A better contract for agent tools

For an LLM tool, design around the data contract first and the scraping provider second.

A simple interface might look like this:

type ExtractionRequest = {
  targetUrl: string;
  schema: Record<string, "string" | "number" | "boolean" | "string[]">;
};

type ExtractionResult = {
  status: "completed" | "failed";
  data?: Record<string, unknown>;
  error?: {
    code: string;
    message: string;
  };
  metadata: {
    sourceUrl: string;
    executionMs?: number;
  };
};

Then hide the provider behind an adapter:

async function extractForAgent(req: ExtractionRequest): Promise<ExtractionResult> {
  const response = await fetch(process.env.EXTRACTION_API_URL!, {
    method: "POST",
    headers: {
      "Content-Type": "application/json",
      "X-API-Key": process.env.EXTRACTION_API_KEY!
    },
    body: JSON.stringify(req)
  });

  if (response.status === 401) {
    return {
      status: "failed",
      error: { code: "AUTH_REQUIRED", message: "Invalid or missing API key" },
      metadata: { sourceUrl: req.targetUrl }
    };
  }

  if (!response.ok) {
    return {
      status: "failed",
      error: { code: "EXTRACTION_FAILED", message: await response.text() },
      metadata: { sourceUrl: req.targetUrl }
    };
  }

  const data = await response.json();

  return {
    status: "completed",
    data,
    metadata: { sourceUrl: req.targetUrl }
  };
}

The important part is not the exact endpoint. The important part is that the agent sees one stable contract. It does not know about Actors, datasets, run IDs, browser sessions, or selector logic.

If the provider requires async polling, keep that inside the adapter too:

async function pollJob(jobUrl: string, apiKey: string) {
  for (let attempt = 0; attempt < 20; attempt++) {
    const res = await fetch(jobUrl, { headers: { "X-API-Key": apiKey } });
    const body = await res.json();

    if (body.status === "completed") return body.data;
    if (body.status === "failed") throw new Error(body.error?.message ?? "Job failed");

    await new Promise(resolve => setTimeout(resolve, 1000));
  }

  throw new Error("Extraction timed out after 20 seconds");
}

This prevents a common bug in agent systems: letting provider-specific states leak into prompt logic. Your LLM should not need to reason about RUNNING, READY, TIMED-OUT, and dataset item count = 0 unless those states mean something to the user.

Structured output beats raw HTML for most LLM paths

Raw HTML is useful if you are building a crawler or debugging selectors. It is less useful when the next step is a function call, embedding job, or RAG chunk.

A selector-based scraper can fail quietly when a site changes markup:

const price = document.querySelector(".product-price")?.textContent;

// Later:
if (!price) {
  // Was the product free, unavailable, blocked, or did the selector break?
}

That ambiguity matters. If the extraction layer cannot distinguish “field not present” from “page blocked” from “selector stale”, your LLM workflow has to guess.

A better failure response looks like this:

{
  "status": "failed",
  "error": {
    "code": "EXTRACTION_FAILED",
    "message": "Could not locate price field on rendered page"
  }
}

That gives your application something deterministic to do: retry, ask for a different URL, fall back to another provider, or tell the user what happened.

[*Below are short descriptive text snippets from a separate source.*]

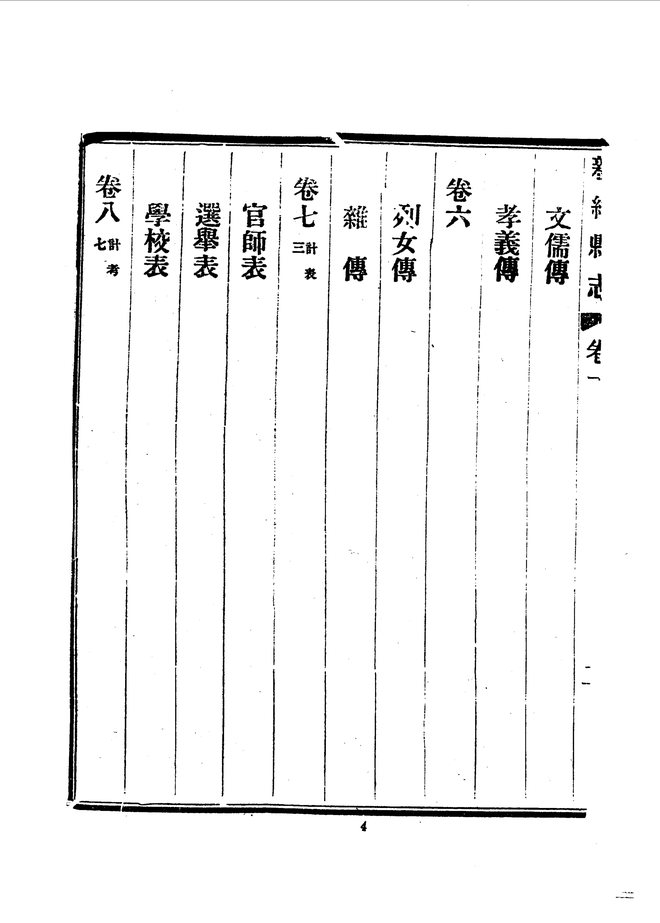新绛县志（民国铅印本） 书影 6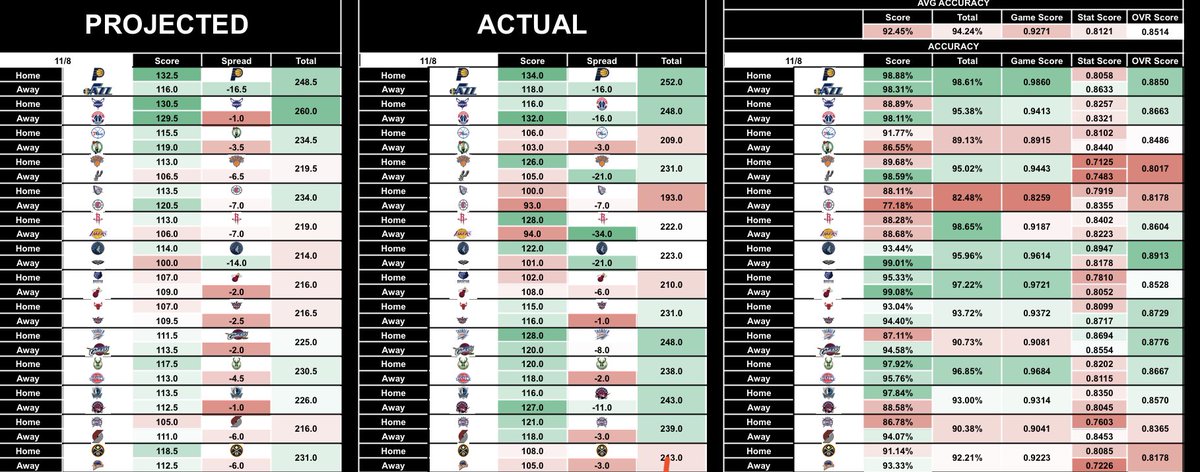 Sam Moldenhauer tweet media
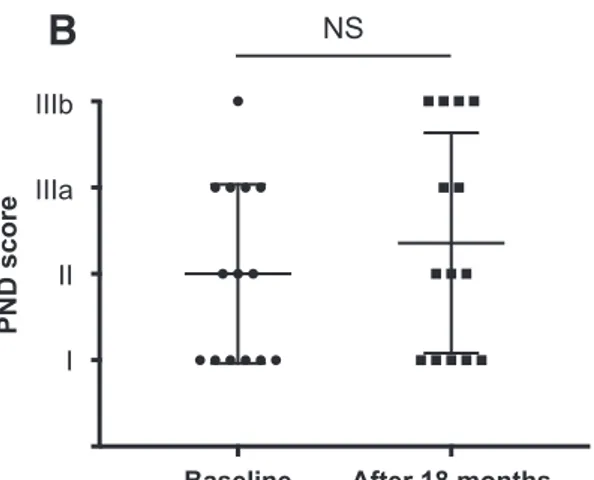Fig. 3. Scatter plot of FAP stage (A), PND score (B) and 10MWT (m/sec) (C) at baseline and after 18 months (n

Wire exposes structured error states for authentication, credit, and execution failures, which fits this adapter pattern better than parsing multi-stage job logs in the agent layer.

How to choose without overfitting to one tool

Pick an orchestration platform if your main problem is operating scraping workflows at scale. Pick a direct extraction API if your main problem is feeding structured web data into an LLM with as little glue code as possible.

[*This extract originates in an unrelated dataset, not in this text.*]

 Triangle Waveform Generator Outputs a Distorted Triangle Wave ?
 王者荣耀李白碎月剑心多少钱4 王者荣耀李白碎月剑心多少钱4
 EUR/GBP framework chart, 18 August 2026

The quick test is this: if you removed the LLM from your application, would you still need queues, scheduled runs, stored datasets, and shared scraper assets? If yes, orchestration probably belongs in your architecture. If no, keep the extraction layer small and make the contract boring.

A practical next step: write the ExtractionRequest and ExtractionResult types for your app before choosing a provider, then build one adapter around them and make sure failed extraction never reaches your prompt as empty data.